- Photo by Herb Weitman/WUSTL
- Born: March 14, 1935 Newmark, New Jersey
- Died: December 13, 1996 (aged 61) Sunnyvale, California
- Education: Rutgers University (BS, MS) MIT (Sc.D.)
- Known for: Asynchronous computing
- Scientific career
- Fields: Electrical Engineering
- Institutions: Washington University in St. Louis Sun Microsystems

= Charles Molnar =

American computer scientist (1935–1996)

Charles Edwin Molnar (1935–1996) was a co-developer of one of the first minicomputers, the LINC (Laboratory Instrument Computer), while a graduate student at Massachusetts Institute of Technology (MIT) in 1962. His collaborator was Wesley A. Clark.

The LINC originated decades before the advent of the personal computer. Its development was the result of a National Institutes of Health (NIH) program that placed 20 copies of an early LINC prototype in selected biomedical research laboratories nationwide. Later, the LINC was produced in greater numbers by Digital Equipment Corporation and other computer manufacturers. Later he was on the faculty of Washington University in St. Louis.

Charlie Molnar was also well known as a pioneer in the modeling of the auditory system, especially numerical models of the function of the cochlea (the inner ear).

When he died in 1996, he was working at Sun Microsystems on asynchronous circuits with Ivan Sutherland.

Molnar received a bachelor's degree (1956) and a master's degree (1957) in electrical engineering from Rutgers University, where he was a member of the Cap and Skull Society, and received a doctoral degree (1966) from MIT in electrical engineering.
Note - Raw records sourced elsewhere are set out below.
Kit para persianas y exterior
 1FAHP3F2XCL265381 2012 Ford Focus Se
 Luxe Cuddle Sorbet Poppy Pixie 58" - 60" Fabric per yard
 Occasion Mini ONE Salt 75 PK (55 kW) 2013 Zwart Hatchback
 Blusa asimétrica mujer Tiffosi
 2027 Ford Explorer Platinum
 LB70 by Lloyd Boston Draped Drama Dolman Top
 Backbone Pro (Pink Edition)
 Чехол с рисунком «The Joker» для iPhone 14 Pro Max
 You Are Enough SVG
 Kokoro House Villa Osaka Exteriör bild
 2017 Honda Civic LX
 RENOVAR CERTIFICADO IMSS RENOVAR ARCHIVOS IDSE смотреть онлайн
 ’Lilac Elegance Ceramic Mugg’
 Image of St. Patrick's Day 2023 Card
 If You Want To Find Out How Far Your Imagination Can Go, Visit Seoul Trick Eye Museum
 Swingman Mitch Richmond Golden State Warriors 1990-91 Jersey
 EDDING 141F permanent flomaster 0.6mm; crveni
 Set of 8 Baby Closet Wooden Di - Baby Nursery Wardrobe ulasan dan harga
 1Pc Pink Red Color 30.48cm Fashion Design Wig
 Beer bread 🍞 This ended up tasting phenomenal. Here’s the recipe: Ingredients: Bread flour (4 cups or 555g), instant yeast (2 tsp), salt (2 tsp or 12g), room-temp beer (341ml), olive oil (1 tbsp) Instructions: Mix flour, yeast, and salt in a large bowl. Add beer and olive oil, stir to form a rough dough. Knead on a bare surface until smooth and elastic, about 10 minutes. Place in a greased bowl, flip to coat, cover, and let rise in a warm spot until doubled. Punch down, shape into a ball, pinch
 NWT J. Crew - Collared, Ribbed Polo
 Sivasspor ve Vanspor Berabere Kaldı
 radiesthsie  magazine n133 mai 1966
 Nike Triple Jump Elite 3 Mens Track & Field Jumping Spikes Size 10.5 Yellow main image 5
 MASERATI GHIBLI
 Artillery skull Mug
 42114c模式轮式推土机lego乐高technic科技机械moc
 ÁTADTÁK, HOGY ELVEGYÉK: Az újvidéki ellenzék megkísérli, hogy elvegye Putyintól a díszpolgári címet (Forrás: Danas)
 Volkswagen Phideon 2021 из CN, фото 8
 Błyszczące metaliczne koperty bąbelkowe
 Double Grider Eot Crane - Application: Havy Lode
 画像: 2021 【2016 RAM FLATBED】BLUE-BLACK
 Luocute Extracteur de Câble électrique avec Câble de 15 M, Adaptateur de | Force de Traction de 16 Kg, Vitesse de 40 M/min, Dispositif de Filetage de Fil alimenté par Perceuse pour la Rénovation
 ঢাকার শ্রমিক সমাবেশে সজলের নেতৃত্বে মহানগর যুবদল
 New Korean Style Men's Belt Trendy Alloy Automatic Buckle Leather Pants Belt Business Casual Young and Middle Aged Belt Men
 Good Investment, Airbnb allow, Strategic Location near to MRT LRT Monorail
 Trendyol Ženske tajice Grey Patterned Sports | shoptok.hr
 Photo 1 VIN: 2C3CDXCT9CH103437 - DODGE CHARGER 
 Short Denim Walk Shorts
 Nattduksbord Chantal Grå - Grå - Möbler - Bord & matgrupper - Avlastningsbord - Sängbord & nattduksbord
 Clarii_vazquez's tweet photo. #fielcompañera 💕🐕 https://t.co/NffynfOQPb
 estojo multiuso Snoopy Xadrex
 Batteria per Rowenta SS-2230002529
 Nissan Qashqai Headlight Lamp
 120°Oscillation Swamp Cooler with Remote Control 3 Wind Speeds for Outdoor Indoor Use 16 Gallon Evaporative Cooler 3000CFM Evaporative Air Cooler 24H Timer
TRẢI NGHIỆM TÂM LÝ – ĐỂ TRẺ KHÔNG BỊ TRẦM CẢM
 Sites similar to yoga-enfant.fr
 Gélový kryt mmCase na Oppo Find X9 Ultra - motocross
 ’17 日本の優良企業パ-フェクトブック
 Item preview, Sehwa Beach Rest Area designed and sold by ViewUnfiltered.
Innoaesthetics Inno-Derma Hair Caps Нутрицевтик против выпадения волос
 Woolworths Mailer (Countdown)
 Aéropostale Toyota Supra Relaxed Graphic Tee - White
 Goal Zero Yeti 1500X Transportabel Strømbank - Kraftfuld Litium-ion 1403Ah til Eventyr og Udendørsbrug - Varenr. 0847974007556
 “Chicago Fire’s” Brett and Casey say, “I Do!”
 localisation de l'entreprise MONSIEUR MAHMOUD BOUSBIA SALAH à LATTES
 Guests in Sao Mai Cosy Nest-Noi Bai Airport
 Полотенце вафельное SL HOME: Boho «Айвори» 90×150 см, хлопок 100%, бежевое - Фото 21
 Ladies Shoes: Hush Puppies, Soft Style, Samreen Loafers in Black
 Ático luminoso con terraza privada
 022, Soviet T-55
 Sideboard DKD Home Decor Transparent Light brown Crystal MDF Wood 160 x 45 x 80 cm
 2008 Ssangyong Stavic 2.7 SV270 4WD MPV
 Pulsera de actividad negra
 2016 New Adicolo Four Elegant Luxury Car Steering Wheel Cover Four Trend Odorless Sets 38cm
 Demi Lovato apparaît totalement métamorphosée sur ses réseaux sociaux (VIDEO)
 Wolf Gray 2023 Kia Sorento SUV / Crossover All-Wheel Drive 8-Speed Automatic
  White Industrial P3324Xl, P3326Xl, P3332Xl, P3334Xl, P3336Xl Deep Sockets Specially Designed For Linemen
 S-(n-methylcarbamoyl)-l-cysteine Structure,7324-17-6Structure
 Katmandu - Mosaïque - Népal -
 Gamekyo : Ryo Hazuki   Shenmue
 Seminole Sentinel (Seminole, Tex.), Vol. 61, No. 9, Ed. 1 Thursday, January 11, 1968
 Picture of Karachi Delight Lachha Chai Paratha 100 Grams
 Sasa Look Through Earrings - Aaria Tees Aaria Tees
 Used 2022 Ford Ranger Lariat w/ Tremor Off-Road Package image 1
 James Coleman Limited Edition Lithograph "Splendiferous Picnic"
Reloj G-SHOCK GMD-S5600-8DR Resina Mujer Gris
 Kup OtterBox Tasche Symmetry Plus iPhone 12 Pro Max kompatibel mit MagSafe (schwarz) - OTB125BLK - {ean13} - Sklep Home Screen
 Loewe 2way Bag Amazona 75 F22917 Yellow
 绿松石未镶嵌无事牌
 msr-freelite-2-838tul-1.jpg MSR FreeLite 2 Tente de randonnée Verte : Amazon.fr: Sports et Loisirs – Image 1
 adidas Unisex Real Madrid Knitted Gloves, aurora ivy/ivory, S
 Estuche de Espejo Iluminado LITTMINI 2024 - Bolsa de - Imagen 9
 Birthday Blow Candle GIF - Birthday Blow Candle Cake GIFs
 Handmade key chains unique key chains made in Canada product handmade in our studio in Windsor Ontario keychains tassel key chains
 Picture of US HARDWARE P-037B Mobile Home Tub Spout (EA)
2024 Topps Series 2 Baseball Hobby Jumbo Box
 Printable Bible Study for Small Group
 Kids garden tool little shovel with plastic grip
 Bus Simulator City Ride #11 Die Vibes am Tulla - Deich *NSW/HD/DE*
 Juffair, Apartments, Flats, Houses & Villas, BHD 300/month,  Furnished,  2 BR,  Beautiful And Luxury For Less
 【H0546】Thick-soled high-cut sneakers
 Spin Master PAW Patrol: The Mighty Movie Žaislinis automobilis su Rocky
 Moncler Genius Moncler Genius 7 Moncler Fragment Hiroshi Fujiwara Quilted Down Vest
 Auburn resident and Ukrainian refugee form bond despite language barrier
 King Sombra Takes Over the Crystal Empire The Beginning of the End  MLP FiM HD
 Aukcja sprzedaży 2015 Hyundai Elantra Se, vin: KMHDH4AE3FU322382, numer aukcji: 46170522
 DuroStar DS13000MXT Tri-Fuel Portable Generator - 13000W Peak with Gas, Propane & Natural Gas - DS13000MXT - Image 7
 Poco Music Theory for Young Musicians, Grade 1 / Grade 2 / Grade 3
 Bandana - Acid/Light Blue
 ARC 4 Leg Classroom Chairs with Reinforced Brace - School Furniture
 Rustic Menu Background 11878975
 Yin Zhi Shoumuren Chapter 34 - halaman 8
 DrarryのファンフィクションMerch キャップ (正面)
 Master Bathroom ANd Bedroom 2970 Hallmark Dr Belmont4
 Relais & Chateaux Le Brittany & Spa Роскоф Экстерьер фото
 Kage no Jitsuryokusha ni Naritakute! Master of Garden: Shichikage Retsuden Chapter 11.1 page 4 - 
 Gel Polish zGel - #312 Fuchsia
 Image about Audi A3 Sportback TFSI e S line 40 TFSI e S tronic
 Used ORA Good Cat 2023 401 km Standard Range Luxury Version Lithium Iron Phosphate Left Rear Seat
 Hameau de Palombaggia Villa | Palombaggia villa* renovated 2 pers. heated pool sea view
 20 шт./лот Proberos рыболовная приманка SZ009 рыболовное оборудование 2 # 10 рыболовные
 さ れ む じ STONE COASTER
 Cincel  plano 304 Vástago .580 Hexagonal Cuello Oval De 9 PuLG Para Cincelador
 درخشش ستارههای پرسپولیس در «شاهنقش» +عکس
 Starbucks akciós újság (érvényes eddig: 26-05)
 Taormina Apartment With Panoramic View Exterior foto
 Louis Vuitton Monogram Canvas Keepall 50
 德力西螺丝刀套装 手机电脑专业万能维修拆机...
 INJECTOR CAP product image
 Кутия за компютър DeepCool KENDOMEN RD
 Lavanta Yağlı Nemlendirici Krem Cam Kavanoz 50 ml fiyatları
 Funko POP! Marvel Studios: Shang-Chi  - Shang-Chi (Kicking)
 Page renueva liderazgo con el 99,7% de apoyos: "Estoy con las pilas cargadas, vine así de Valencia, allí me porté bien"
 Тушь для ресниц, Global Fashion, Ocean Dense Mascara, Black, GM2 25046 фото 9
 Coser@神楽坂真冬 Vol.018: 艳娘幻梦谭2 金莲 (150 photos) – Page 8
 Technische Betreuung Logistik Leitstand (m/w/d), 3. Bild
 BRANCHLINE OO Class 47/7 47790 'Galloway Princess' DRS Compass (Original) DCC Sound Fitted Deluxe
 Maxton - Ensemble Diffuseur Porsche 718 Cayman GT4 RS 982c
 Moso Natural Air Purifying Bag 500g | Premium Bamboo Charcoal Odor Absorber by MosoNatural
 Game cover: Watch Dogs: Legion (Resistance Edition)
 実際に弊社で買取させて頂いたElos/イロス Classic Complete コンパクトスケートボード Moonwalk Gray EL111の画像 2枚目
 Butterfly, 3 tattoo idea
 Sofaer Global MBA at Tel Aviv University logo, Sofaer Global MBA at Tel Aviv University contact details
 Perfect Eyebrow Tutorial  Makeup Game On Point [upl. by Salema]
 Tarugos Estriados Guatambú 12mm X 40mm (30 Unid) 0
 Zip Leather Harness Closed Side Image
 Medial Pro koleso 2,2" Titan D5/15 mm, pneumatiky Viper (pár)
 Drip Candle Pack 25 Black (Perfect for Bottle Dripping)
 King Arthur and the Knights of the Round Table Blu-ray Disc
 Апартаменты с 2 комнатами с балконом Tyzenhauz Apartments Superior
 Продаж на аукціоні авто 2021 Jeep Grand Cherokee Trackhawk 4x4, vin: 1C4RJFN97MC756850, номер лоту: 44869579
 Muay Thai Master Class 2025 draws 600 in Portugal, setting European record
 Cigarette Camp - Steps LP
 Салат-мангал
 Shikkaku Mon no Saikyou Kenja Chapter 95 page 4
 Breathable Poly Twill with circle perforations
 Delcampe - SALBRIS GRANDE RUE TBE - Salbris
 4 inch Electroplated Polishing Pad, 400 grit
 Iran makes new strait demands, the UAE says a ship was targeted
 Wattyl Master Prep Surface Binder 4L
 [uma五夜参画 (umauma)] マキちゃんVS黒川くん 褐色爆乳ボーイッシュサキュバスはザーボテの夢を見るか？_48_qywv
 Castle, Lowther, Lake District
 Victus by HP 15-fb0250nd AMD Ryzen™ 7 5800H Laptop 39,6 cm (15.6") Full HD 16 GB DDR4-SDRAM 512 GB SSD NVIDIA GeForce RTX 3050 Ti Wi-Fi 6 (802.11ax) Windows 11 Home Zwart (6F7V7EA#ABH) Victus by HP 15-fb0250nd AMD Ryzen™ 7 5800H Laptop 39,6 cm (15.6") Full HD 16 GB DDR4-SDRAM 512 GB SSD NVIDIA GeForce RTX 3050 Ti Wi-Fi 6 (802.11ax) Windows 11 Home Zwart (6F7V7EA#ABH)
==Important publications==

Molnar's significant publications included the following:

- Clark, W.A. and C.E. Molnar, 1964, "The LINC," Anal. New York Academy of Sciences, Vol 115, pp. 653–658.
- Clark, W.A. and C.E. Molnar, 1965, "A Description of the LINC," Computers in Biomedical Research, Vol II, B.D. Waxman and R. Stacey, eds, Academic Press, New York, NY.
- Model for the Convergence of Inputs Upon Neurons in the Cochlear Nucleus, D.Sc. Thesis, MIT, 1966.
- Chaney, T.J. and C.E. Molnar, "Anomalous Behavior of Synchronizer and Arbiter Circuits," IEEE Trans. on Computers, Vol. C-22, No. 4, pp. 421–422, Apr. 1973.
- Kim, D.O., C.E. Molnar, and R. R. Pfeiffer, 1973, "A system of nonlinear differential equations modeling basilar-membrane motion," J. Acoust. Soc. Am. 54(6):1517–29 Dec. 1973.
- Clark, W.A. and C.E. Molnar, 1974, "Macromodular Computer Systems," Computers in Biomedical Research, pp. 45–85, Vol IV, B.D. Waxman and R. Stacey, eds, Academic Press, New York, NY.
- Kim, D.O. and C.E. Molnar: Cochlear mechanics: Measurements and models, in The Nervous System, Vol. 3, Human Communication and Its Disorders, edited by DB Tower (Raven, New York) 1975; pp 57–68
- Sproull, R.F., I.E. Sutherland, and C.E. Molnar, 1994, "The Counterflow Pipeline Architecture," IEEE Design and Test of Computers, Vol. 11, no.3, pp. 44–59.